ACTIVITY.
Transcribe only the lines in the data below falling between the line with "Oval black and" and the line with "Lane Bryant black", including those two lines, and leave out any picture.

LISTED ENTRIES.
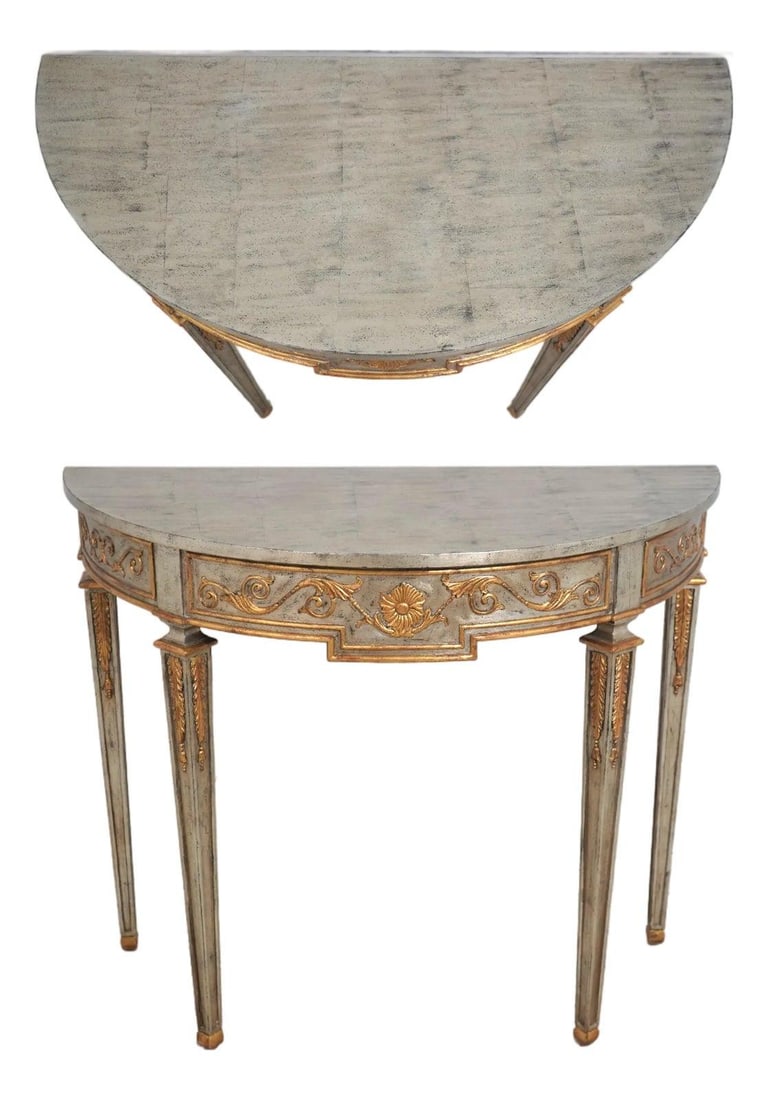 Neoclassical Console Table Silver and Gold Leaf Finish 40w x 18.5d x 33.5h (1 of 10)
--
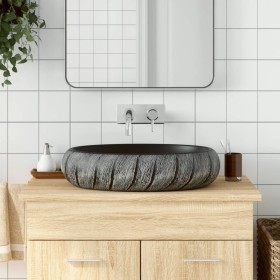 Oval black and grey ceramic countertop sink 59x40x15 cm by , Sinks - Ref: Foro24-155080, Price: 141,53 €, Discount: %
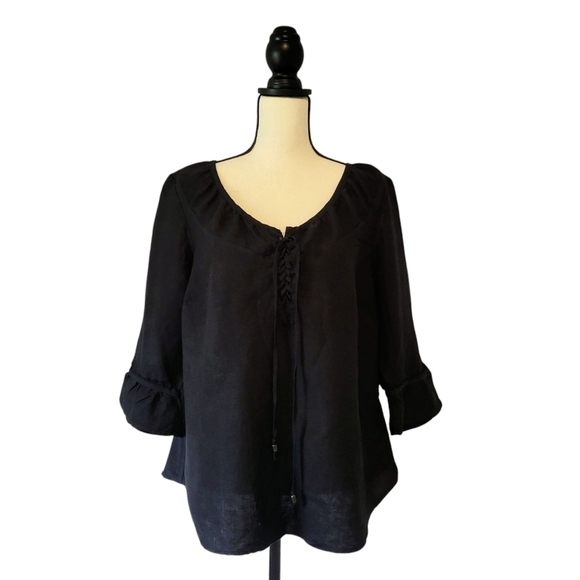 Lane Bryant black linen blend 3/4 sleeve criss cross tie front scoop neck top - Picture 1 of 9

YOUR SOLUTION.
 Oval black and grey ceramic countertop sink 59x40x15 cm by , Sinks - Ref: Foro24-155080, Price: 141,53 €, Discount: %
 Lane Bryant black linen blend 3/4 sleeve criss cross tie front scoop neck top - Picture 1 of 9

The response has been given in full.